# Massively parallel Transition Path Sampling

## Notebook 4: Rerun TPS simulation with changed parameters/Recover crashed simulations

This is the fourth of a series of example notebooks on massively parallel transition path sampling. Here you will learn how you can rerun a TPS simulation from the folder structure and files on disk (possibly changing the reaction coordinate model architecture and/or `descriptor_transform`). Note, that the same setup/logic can also be used to recover and continue a simulation that has incomplete Monte Carlo steps, either due to the machine it has been running on crashing or you terminating the simulation during runtime. In both cases we will use the `reinitialize_from_workdir` method, which will take care of adding all exisiting Monte Carlo steps to the new storage and then finish all partially finished trials. This will result in a brain object that has the same internal state as if it would have ran the simulation up to the current step and that can be used to continue the simulation.

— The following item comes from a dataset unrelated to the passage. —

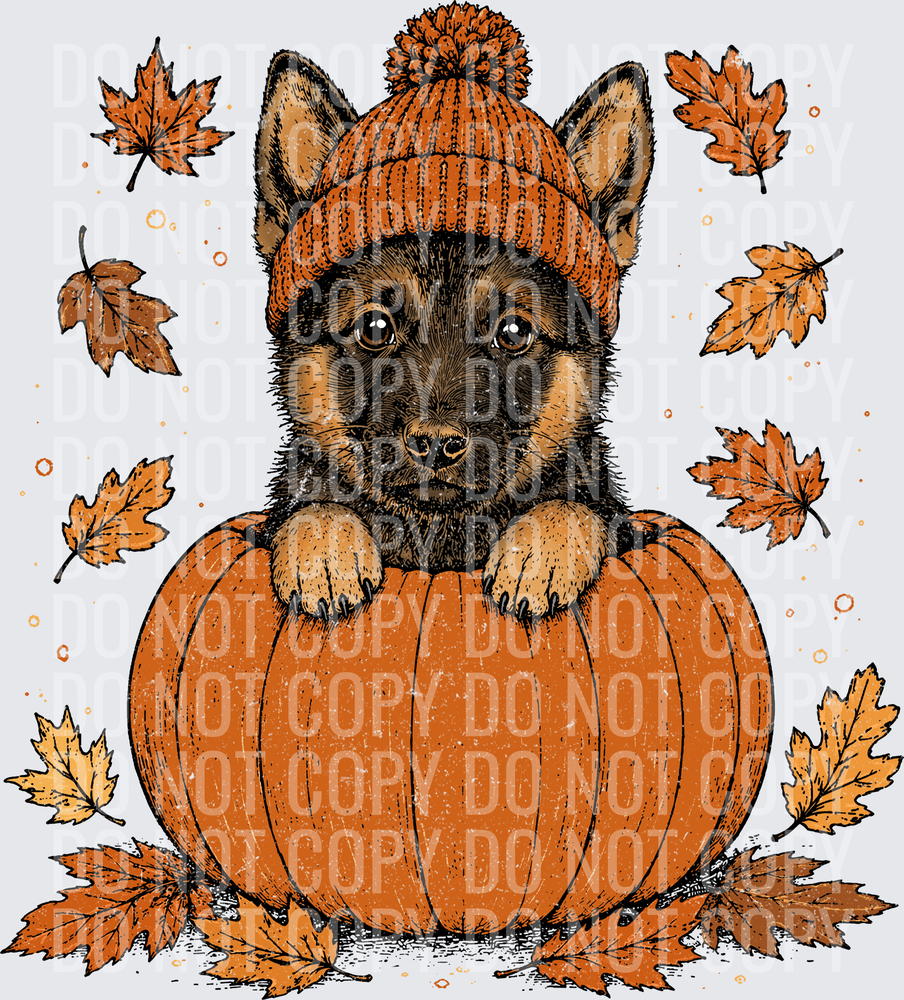 German Shepherd Pumpkin Peeker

**This notebook should be run on a multi-core workstation preferably with a GPU**, otherwise you will have a very long coffee break and a very hot laptop.

**Required knowledge/recommended reading:** This notebooks assumes some familarity with the `asyncmd` (namely the [gromacs] engine and TrajectoryFunctionWrapper classes). Please see the example notebooks in `asyncmd` for an introduction.

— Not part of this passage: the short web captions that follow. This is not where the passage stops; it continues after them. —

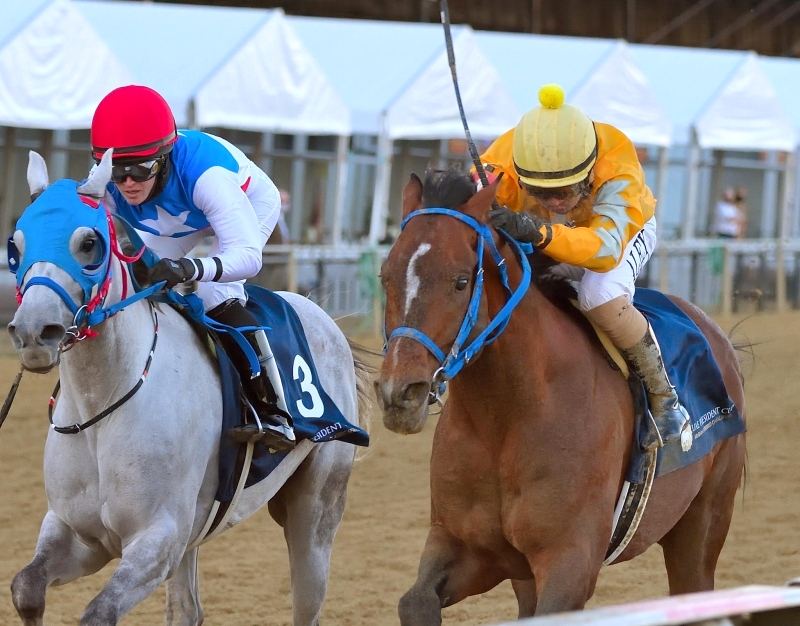 رئيس سباقات الإمارات للخيول: فخورين بتدشن النسخة 28 في 15 جولة عالمية للخيول العربية الأصيلة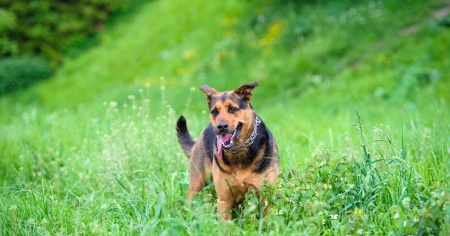 Bimba di nove anni azzannata da un cane lupo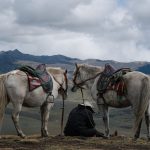 POS系統的重要性與應用分析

## Imports and set working directory

In [1]:
%matplotlib inline

In [2]:
import os
import asyncio
import numpy as np
import matplotlib.pyplot as plt
import MDAnalysis as mda
# asyncmd for the engine and Trajectory class
import asyncmd
import asyncmd.gromacs as asyncgmx
from asyncmd import Trajectory
# aimmd for the TPS
import aimmd
import aimmd.distributed as aimmdd
# and pytorch for the reaction coordinate model
import torch.nn.functional as F
import torch

  from .autonotebook import tqdm as notebook_tqdm
Could not initialize SLURM cluster handling. If you are sure SLURM (sinfo/sacct/etc) is available try calling `asyncmd.config.set_slurm_settings()` with the appropriate arguments.
Tensorflow/Keras not available


In [3]:
# setup working directory
scratch_dir = "."

workdir = os.path.join(scratch_dir, "TransitionPathSampling_ala")

## Reinitialize the TPS simulation from state on disk

To reinitialize the TPS we need to create a fresh brain object using the usual ingridients, just that this time we must take care for many things to set them to the same values as in the initial simulation we are reinitializing:
 - We must set the number of markov chain Markov chain samplers to the number we used previously
 - We must create a new storage file to save our models, trainset and other simulation results
 - We must use the same metastable state definition as previously (otherwise we will break the Markov chain by changing the length of the transitions and potentially changing the state assignment of endstates)
 - We must define the underlying dynamics the be the same as in the previous simulation, i.e. we can only change engine options that do not change the propagator $p(x_{t + \Delta t} | x_{t}, \Delta t)$ (where $x_{t}$ is a phase space point on a trajectory at time $t$). That means we can not change the forcefield, temperature and pressure coupling, and many more, but we should be able to change engine options like the number of threads and many more to e.g. optimize efficiency on changed hardware.
 - There is no need to load the old initial transitions, except if you (like we do here) want to get the dimensionality of your `descriptor_transform` by applying it to them.
 - You can change both the `descriptor_transform` and the reaction coordinate model architecture. Note however, that the Markov chain acceptances in the chain will be unchanged (i.e. calculated by the old model) up to the last previously finished step.
 - You must define the same sampling scheme, i.e. use the same number of movers and corresponding probabilities.
 - You should create a new trainset into which we will add the simulation results (shooting outcomes) including the ones found on disk.
 - You can define different `Task`s to run after specified number of trials.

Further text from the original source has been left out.